My best travel experiences, however, came within minutes of my house, when we had our own Cambridge-based airline flying to and from Amsterdam, the late-lamented Suckling Airways. It started with just one plane.
The Dornier aircraft had 18 seats - every one a window seat and an aisle seat. The company advertised for 5ft-tall stewardesses because the ceiling was so low. If you boarded first, you could sit right behind the pilot, who would hail you with a cheery "Good morning!" and was probably Captain Suckling, the owner. Mrs Suckling would greet you by name as you disembarked at Cambridge Airport.
You never flew very high, so you were buffeted all over the place. Since you could see that the pilot was unperturbed, you soon realised what the plane could put up with.
The pilot would occasionally lean forward and look to the right and left, keeping an eye out for aircraft from US bases in East Anglia that now and then strayed across civil air corridors. No luxury, but a pioneering sense of adventure - this was aviation, not mere air travel, and it was enhanced by excellent egg sandwiches, hand-made in Cambridge.
It is vital to recapture as far as possible the innocent joys of travelling. Not long ago I amazed my hosts in North Carolina by insisting that I would take the train to Washington. No one I met there had ever done this, even though there is a direct line from Raleigh. True, the thought of seven to eight hours on board was a daunting prospect, but for another $22 (£16), you could go Club Class and sink into a massive leather seat.

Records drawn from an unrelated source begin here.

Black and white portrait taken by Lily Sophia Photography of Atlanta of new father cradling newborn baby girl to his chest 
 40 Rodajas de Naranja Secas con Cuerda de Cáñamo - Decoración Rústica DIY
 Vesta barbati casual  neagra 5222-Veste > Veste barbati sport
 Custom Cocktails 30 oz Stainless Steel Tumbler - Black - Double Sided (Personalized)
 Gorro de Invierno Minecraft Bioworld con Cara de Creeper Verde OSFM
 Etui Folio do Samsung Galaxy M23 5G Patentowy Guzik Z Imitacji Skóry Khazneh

I brought along an enormous novel, but spent little time reading it, even though the train was soon running an hour late (the time lengthened with smoking stops at little stations in the tobacco fields of Virginia). The chance to see rural America was too good to miss, even allowing for the disconcerting sight of Confederate flags along the way.
Best of all are US train stations: Union Station in Los Angeles, for instance, is straight out of a 1930s film, further enhanced by the ritual of being ceremoniously conducted from the departure hall to the train.
It is no surprise, then, that although I live close to Stansted, I will do anything to avoid its crowds. In the age of mass travel, there is much to be said for pottering about.